The Segway is a two-wheeled self-balancing battery-powered electric vehicle. The rider controls forward and backward movement by leaning accordingly. Cost of the tour was 60$. I was fortunate enough to be the sole customer of the City Segway tour for the evening. I met the guide, Ross at the office where he showed a safety video and gave us some basic instructions about using Segway. I had already tried it once back in India and thus was pretty confident about it.

I was all set for the tour of the city with a helmet, reflector jacket and gloves. We first visited the aquatic park pier, which had beautiful views of the San Francisco city. Although not from close, I got a good view of the Golden Gate Bridge. We proceeded to North Beach, where Ross spoke about the Italian neighborhood and Saints Peter and Paul Church which is located at #666 Church Street (666 being number of the Beast).
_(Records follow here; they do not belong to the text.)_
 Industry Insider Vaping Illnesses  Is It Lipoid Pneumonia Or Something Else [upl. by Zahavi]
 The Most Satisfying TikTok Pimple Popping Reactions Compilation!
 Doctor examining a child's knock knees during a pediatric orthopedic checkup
We then made our way to the base of Lombard Street, which looked crazily amazing with the steep road lined with houses. The next part was the most scariest and adrenaline-rush-causing part of the trip. Since I was comfortable with Segway, and the only one Ross was guiding, he took me on one of the steepest roads. It was normal initially, but somewhere in the middle I felt that I would fall. Ross helped me reach safely to the lower level. It was exciting and a unique experience. Then we went to top of a hill (Coit tower) which provided a beautiful view of the bay bridge connecting SF to Treasure Island, Oakland and Berkeley. By now I was very comfortable maneuvering Segway and I even managed to cover the steep roads and narrow paths comfortably.
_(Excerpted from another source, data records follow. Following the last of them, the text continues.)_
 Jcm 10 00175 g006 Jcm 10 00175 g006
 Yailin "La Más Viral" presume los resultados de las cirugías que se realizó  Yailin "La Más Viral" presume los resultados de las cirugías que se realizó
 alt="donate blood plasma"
Passing by the Italian restaurants near North Beach we headed to Chinatown, catching a glimpse of the Chinese lifestyle. As we passed alleys where kids were learning martial arts, Ross showed me one of the oldest fortune cookie maker shop. We also saw the shooting location for a scene in Indiana Jones and the Temple of Doom. The hanging lanterns in Chinatown added to authenticity of Chinatown. It was surprising to know that Segways were legal on roads and could be taken almost anywhere. I feel that Segway is the best way to tour the city, as most parts of SF have steep roads.

Passing through financial district, we took the Embarcadero road to reach Pier 39 and then back to office. I thoroughly enjoyed the Segway tour and I highly recommend to tour SF in a Segway rather than in a car/cycle.

8:00 – 9:30 PM – (Dinner at Fog Harbor and back to Caltrain)

Numerous sea food restaurants tempted me to try something out and after browsing through Yelp for a few options, I choose to try the Fog Harbor. The restaurant was on slightly expensive side but provided nice view of the waters and delectable food. I ordered a cheese Garlic Bread and King Salmon. I enjoyed the boiled potatoes more than the grilled Salmon itself. After filling my stomach, I took the F-line light-rail, followed by Metro to SF Caltrain Station and waited for the train to reach Hillsdale. It was around 11.15 PM by the time that I reached. Choosing Uber to reach my destination I was overwhelmed by the simplicity, low cost and safe service. I am definitely choosing Uber over anything in the future for non-public transports. I made the most of the time I had and I am glad I visited SF. I relished moving around the city soaking in the local life.